The entire premise of The Unhappy Divorce of Sociology and Psychoanalysis: Diverse Perspectives on the Psychosocial is underpinned by an unfulfilled desire of sorts; a desire for a paradigm shifting impact of psychoanalysis in sociology generally, although more immediately the authors throw the gauntlet in the face of American sociology, in particular its post 1945 rendition. Sociology is interrogated, made to account for a missed opportunity to take psychoanalysis seriously. Worse yet, according to the essay that Catherine B. Silver contributes, such resistance to the message is an expression of ‘paranoid anxiety’ by scholars representative of the field.

All this hints “at an underlying puritanical streak in sociological thinking and a paranoid fear of psychoanalysis’s power to unleash sexual and aggressive desires that could threaten the normative social order” (p.66). Perhaps. Personally, I don’t find such argumentation convincing, or more importantly, intellectually productive. But this is also the book’s ‘we would like to have brought them the plague’ moment that is felt throughout the text, while lamenting a divorce between psychoanalysis and sociology – a ‘divorce’ that never really took place.

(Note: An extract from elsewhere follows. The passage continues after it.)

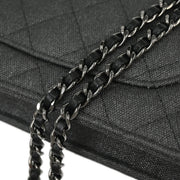 Chanel Gray Canvas Rhinestone Mademoiselle Lock Wallet on Chain WOC 166432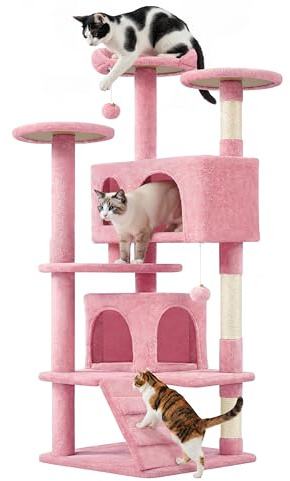 Yaheetech Arbre à Chat Multi-Niveaux 139 cm Rose | 2 Niches, 3 Plateformes et 2 Boules en sisal, Structure Stable, Convient pour 3 à 4 Chats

Logically speaking there should have been a marriage first for a divorce to follow. There never was one. This is despite the fact that such giants of American sociology as Talcott Parsons, or more recently leading figures in the field such as Neil Smelser, who contributes a pleasant autobiographical rumination on his intellectual journey to the book, at one point in time took the promise of psychoanalysis seriously, including intense training in psychoanalytic practice. This seems not to be the case anymore, at least in Smelser’s assessment, who “regards any attempts at forging articulations between the sociological and the psychoanalytic enterprises to be necessarily piecemeal, given the general difficulties”, concluding that “such piecemeal attempts appear to be analogous to attacking a granite rock with one’s bare hands” (p.119). The opening contribution by George Cavalletto and Catherine Silver, thanks to its meticulous analysis of content and frequency of the engagement with psychoanalysis in two flagship publications, the American Journal of Sociology and the American Sociological Review, confirms that much; between 1948 and 1960 there were only thirty-four articles with psychoanalytic focus between the two publications. This is more like a ‘weak interaction’ rather than any sustained, dynamic relationship. This begs the psychoanalytically tinged question: what does the book want?

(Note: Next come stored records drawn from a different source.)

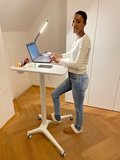 Small Gasspring Sit-Stand Desk - Single Leg Desk - 1 leg white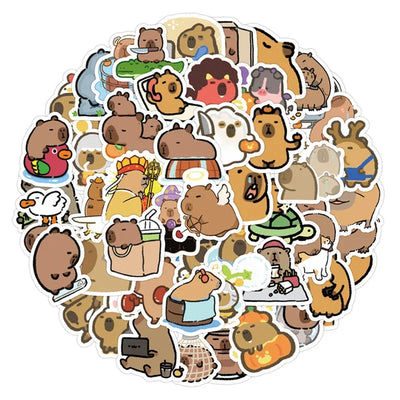 10/30/50pcs Cute Cartoon Animal Capybara Stickers Decals for Laptop Fridge Notebook Diary Funny Decoration Sticker Kids Toys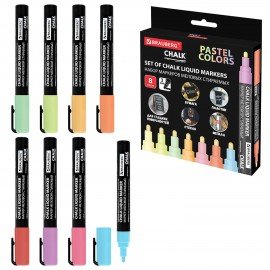 Маркеры меловые CHALK LIQUID MARKER, ПАСТЕЛЬ НАБОР 8 ЦВ, 3 мм, стираемые, BRAUBERG "CHALK", 152598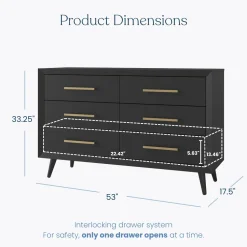 Cranbrook Double Dresser, Ebony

The volume sets out to counteract the “foolhardy marginalization” (p.1) of psychoanalytic approaches from sociological thinking. By doing so, the text aims to provide a corrective lens to American sociology which has been dominated by a specific and now hegemonic brand of research since the 1950s – the survey-driven, voiceless data sets of aggregate statistics that C. Wright Mills already in the Sociological Imagination described appropriately as ‘abstracted empiricism’. Any attempt to re-invigorate and counteract the mono-dimensional comfort of methodological self-assurance is laudable as it is necessary. But the question that is not adequately considered in the general conceptualization of the volume is how the psychoanalytic paradigm can accomplish this. An ad hoc reinjection of its tenets, including such concepts as the unconscious, anxiety and defense mechanisms, even in “collective and individual” (p.1) guise, is not up to the task, at best inspiring in the reader a sense of intellectual nostalgia ‘in search of lost time’ when psychoanalysis and sociology were still willing to at least consider a ‘blind date’, intellectually speaking. And the last section of the book, ‘The Psychosocial (Analytic) in Research and Practice’, does not do much to dispel that feeling, reading more like a ‘free association’ of streaming reflections, than a focused effort to find a new partnership between psychoanalysis and sociology.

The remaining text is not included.